Passing Two Variables into Pipeline

2
votes

I have been attempting the Eulers in F#* and am currently on #5. My problem is using a function that takes more than one parameter in a pipeline operation.

This function correctly returns whether the first parameter is divisible by every member of an array which is the second parameter: 

let isDivisibleBy seq n =
    seq
    |> Seq.forall (fun x -> n % x = 0)

isDivisibleBy [|1 .. 10|] 2520 //true

However, the following statement does not work:

Seq.initInfinite
    |> Seq.find isDivisibleBy [|1 .. 10|]

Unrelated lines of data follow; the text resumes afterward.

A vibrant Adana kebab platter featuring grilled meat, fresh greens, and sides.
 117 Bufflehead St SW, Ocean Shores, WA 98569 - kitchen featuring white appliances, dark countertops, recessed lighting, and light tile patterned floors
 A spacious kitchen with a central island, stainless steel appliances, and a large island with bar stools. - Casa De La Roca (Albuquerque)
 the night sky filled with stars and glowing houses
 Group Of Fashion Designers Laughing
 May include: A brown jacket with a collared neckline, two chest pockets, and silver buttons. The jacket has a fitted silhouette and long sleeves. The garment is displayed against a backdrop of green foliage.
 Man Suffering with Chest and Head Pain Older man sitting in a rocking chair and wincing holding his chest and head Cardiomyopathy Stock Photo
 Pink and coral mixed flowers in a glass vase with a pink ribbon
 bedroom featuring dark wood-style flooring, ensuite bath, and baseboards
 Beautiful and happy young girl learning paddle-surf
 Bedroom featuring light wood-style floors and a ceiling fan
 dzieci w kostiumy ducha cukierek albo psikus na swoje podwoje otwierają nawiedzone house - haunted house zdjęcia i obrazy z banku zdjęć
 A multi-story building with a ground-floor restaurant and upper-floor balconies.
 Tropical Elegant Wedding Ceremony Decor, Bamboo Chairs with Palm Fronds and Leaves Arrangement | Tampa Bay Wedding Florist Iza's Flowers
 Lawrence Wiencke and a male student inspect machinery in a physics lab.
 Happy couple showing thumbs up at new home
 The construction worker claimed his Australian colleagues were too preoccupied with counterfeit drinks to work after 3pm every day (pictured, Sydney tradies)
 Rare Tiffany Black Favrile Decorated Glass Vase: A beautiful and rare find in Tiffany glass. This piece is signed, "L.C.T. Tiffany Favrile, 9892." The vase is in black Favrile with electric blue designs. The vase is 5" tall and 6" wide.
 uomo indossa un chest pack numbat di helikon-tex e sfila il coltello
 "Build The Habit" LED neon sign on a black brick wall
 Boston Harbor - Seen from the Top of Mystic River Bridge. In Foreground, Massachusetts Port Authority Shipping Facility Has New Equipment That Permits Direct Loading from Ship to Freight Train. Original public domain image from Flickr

I get the following error:

error FS0001: The type '((int -> 'c) -> seq<'c>) -> 'd' is not compatible with the type 'seq<'a>'

*"2520 is the smallest number that can be divided by each of the numbers from 1 to 10 without any remainder. What is the smallest positive number that is evenly divisible by all of the numbers from 1 to 20?"

1
f#

1 Answers

5
votes

Short answer:

You're missing parentheses and first argument of Seq.initInfinite. Correct code:

Seq.initInfininte id
|> Seq.find (isDivisibleBy [|1..10|])

Explanation

In expression Seq.find isDivisibleBy [|1 .. 10|] you're trying to call function Seq.find with two arguments, isDivisibleBy and [|1 .. 10|]. And then you're trying to use the resulting value as second argument of the pipe (|>) operator. Your code is equivalent to this (just make each call a separate step):

let a = Seq.find isDivisibleBy [|1 .. 10|]
Seq.initInfinite |> a

Which is obviously incorrect.

From the rest of your code, I infer that what you probably wanted to do was to partially apply the function isDivisibleBy to argument [|1 .. 10|], and then pass the resulting value to Seq.find, like this:

let b = isDivisibleBy [|1 .. 10|]
let a = Seq.find b
Seq.initInfinite |> a

But this still won't compile, because Seq.initInfinite takes one argument - a function mapping indexes to elements of generated sequence, - but you provide no arguments:

let b = isDivisibleBy [|1 .. 10|]
let a = Seq.find b
let c = Seq.initInfinite (fun x -> x)
c |> a

Removing intermediate lets from the above code and replacing the redundant lambda fun x -> x with id, we get the final answer:

Seq.initInfininte id
|> Seq.find (isDivisibleBy [|1..10|])